State of Minnesota v. Eric Tyler Schwappach
Opinion text
This opinion will be unpublished and
may not be cited except as provided by
Minn. Stat. § 480A.08, subd. 3 (2014).
STATE OF MINNESOTA
IN COURT OF APPEALS
A15-0624
State of Minnesota,
Respondent,
vs.
Eric Tyler Schwappach,
Appellant.
Filed April 11, 2016
Affirmed
Halbrooks, Judge
Ramsey County District Court
File No. 62-CR-14-211
Lori Swanson, Attorney General, St. Paul, Minnesota; and
John J. Choi, Ramsey County Attorney, Adam E. Petras, Assistant County Attorney,
St. Paul, Minnesota (for respondent)
Cathryn Middlebrook, Chief Appellate Public Defender, Jessica Merz Godes, Assistant
Public Defender, St. Paul, Minnesota (for appellant)
Considered and decided by Halbrooks, Presiding Judge; Bjorkman, Judge; and
Kalitowski, Judge.
Retired judge of the Minnesota Court of Appeals, serving by appointment pursuant to
Minn. Const. art. VI, § 10.
UNPUBLISHED OPINION
HALBROOKS, Judge
Appellant challenges his convictions of first-degree criminal sexual conduct,
arguing that the district court abused its discretion by admitting evidence of his 2007
conviction of fourth-degree criminal sexual conduct as relationship evidence under Minn.

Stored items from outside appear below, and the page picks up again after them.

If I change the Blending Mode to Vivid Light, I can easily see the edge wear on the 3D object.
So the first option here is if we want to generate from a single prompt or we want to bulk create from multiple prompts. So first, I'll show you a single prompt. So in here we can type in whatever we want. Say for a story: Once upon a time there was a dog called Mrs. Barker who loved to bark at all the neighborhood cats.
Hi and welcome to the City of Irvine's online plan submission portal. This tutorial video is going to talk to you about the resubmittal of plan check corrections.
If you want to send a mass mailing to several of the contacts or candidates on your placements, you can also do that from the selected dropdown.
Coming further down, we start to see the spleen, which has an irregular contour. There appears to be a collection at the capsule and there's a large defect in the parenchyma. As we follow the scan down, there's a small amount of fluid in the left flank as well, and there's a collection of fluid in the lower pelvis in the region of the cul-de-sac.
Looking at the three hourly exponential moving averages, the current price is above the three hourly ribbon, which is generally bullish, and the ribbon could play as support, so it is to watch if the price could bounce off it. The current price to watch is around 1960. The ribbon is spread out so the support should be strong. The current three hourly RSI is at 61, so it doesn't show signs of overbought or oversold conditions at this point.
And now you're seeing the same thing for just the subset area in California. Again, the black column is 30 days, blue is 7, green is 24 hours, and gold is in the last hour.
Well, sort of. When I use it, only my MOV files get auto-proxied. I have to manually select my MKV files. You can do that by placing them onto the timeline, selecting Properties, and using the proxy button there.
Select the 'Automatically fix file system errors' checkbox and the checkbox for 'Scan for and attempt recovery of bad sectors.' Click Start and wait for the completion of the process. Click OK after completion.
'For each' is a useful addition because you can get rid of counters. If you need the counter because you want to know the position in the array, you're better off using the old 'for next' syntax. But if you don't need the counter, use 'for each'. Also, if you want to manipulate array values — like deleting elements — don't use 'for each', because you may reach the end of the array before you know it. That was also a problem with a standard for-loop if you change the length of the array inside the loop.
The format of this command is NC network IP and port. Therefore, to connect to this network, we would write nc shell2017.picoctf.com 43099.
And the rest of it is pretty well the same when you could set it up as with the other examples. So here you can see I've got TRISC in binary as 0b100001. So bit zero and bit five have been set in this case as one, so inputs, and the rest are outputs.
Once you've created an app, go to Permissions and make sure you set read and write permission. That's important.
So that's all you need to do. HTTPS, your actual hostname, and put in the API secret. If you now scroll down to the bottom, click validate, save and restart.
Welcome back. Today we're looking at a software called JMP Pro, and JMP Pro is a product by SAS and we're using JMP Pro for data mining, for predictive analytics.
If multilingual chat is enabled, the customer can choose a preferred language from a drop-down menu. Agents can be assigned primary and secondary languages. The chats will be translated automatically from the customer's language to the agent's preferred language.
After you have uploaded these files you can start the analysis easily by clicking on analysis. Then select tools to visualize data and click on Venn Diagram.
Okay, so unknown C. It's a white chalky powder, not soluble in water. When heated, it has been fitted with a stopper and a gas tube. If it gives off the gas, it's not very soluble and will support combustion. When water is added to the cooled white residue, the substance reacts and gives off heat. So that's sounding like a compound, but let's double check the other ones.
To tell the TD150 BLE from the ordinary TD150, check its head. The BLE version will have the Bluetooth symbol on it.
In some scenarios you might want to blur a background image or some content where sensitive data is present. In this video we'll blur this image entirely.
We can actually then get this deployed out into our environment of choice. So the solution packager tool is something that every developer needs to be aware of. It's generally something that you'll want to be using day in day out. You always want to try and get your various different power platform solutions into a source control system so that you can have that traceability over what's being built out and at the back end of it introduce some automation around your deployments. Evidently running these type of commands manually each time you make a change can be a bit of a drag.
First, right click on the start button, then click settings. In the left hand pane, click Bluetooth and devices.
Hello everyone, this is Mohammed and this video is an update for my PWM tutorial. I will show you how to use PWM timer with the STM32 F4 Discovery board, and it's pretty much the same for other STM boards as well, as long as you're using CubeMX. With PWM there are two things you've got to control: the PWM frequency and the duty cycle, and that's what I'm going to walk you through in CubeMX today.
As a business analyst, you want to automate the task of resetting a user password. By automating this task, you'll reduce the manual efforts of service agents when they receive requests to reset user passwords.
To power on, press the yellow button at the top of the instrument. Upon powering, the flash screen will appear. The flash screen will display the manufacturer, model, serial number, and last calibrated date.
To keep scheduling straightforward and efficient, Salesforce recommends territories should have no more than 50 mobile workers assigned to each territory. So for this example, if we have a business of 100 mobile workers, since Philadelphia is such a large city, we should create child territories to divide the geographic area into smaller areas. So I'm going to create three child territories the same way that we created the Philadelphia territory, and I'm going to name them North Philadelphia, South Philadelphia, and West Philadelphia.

Stat. § 634.20 (2014) and as Spreigl evidence. Appellant also argues that the district
court erred by sentencing him according to the sentencing guidelines effective August 1,
2006, because the jury did not make a specific finding that any of the acts of sexual
penetration occurred on or after August 1, 2006. We affirm.
FACTS
Appellant Eric Tyler Schwappach and C.S. began living together in 2002 and
married in 2004. In 2003, C.S.’s four-year-old niece T.S. began living with C.S. and
Schwappach. T.S. lived with C.S. and Schwappach until she was eight years old.
Schwappach was T.S.’s primary caregiver during the day because he worked at
night, and C.S. worked during the day. When T.S. was in kindergarten, Schwappach
began sexually abusing her. Schwappach forced T.S. to rub his penis, perform oral sex
on him, and have vaginal intercourse with him. Schwappach forced T.S. to perform these
sexual acts about once or twice per week.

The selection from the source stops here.